Even if you don't agree with Dana Gioia's premise, that San Francisco "lacks a vital and complete literary milieu," you'd still have to concede that "Fallen Western Star" is a brilliant, engaging essay. You may or may not agree with Gioia's conclusion that New York City is the literary center for book promotions, journals, free-lance writers and advertisement, nevertheless—"Fallen Western Star" is an impressive assessment of northern California's literary history of poetry. The fact that Dana Gioia's essay became a controversial subject the minute it appeared in The Hungry Mind Review (renamed Ruminator Review)—is, in my opinion, a good thing. In order to stir things up, you have to be an exceptionally good writer.  So once again, Dana Gioia has driven the literary community (at least in the Bay area) crazy. In this sense, I see Gioia as our community "gadfly" that provokes thought—he targets writers where it stings the most: right at their egos.

On the other side of the argument, Richard Silberg, associate editor of Poetry Flash, was one of the first Bay Area writers to disagree with Gioia's criticism of the cultural landscape of San Francisco, which Gioia believes is on the decline. Silberg writes in Poetry Flash (May June 2000):

"Diversity is one key to the vibrancy of the Bay Area. It's obstreperous, experimental, so many poets hitting on so many other poets, trading or butting ideas. With the partial exception of New York School, every kind of poetry is happening out here, mainline, academic, Language, postmodern, New Formalist, rap, slam. Gioia, however, seems to have a definite program for Bay Area poetry…"

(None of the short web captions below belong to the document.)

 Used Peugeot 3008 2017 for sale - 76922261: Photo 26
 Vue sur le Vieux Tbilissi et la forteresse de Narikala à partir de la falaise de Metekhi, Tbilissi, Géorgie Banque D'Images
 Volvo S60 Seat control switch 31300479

In either case, Gioia's "Fallen Western Star" is an example of narrative writing at its best. I enjoyed the way Gioia described the history of San Francisco's writers and musicians from post World War II jazz musicians to Robinson Jeffers. And although Silberg didn't particularly care for Gioia's selections, such as Markham's "The Man with the Hoe", Gioia's description of how that poem became internationally famous is fascinating:

"Newspapers were the Internet of the nineteenth century—a decentralized information system—and "The Man with the Hoe" was reprinted from paper to paper first across the United States and then abroad. Translated into more than forty languages, it was eventually republished in ten thousand newspapers and magazines. In the early twentieth century there was no more famous American poem than Markham's. The poet became an international celebrity, and the poem served as a literary call to arms for the labor movement—all of which began with the San Francisco Examiner." According to Gioia, in those days, 1899, San Francisco was, as Jack Foley put it, the "powerful western star" of American literature.

I happened to catch Michael Kinsley one morning, editor of Slate.com, on C-SPAN's Washington Journal, address the question on how an editor selects material for publication. To paraphrase Mr. Kinsley, he said that you don't want commentaries that leave nothing to the imagination. You want to publish work that is controversial—otherwise, people will think it's boring.

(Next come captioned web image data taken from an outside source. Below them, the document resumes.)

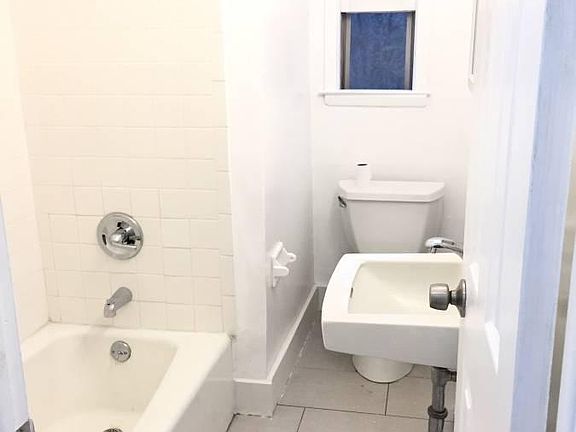 4th image of 44 Wright Ave APT 1A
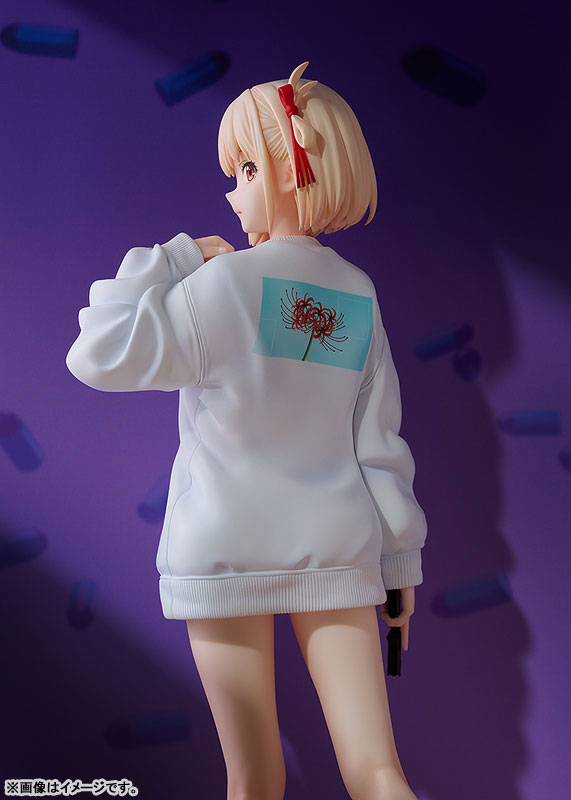 Lycoris Recoil Chisato Nishikigi: Oversized Sweatshirt Ver. 1/7
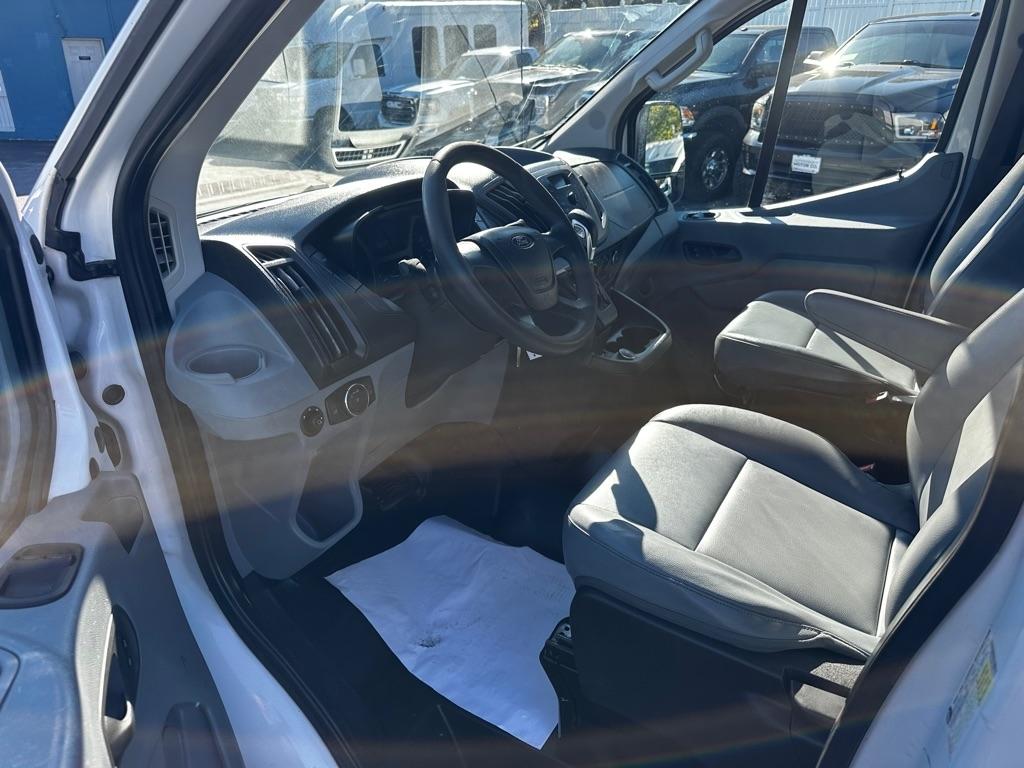 Ford Transit Van T-250 148" Low Rf 9000 GVWR Swing-Out RH Dr 2018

Gioia's opinions may anger a good number of writers and readers, but the last thing they could ever say about his work is that it leaves nothing to the imagination or that it is boring.

Interestingly enough, Gioia suggests that the Bay writers have gone soft in this respect—as if our culture were an extension of the mild weather, and the Starbuck scene of suburbanite social gatherings. The days of "literary feuds and rivalry," wrote Gioia, "the necessary friction of cultural life," has all but disappeared in northern California. I'm not sure if that's true, but in any event, I think Gioia raises an important question on whether or not San Francisco can compete, as a literary region, with New York City.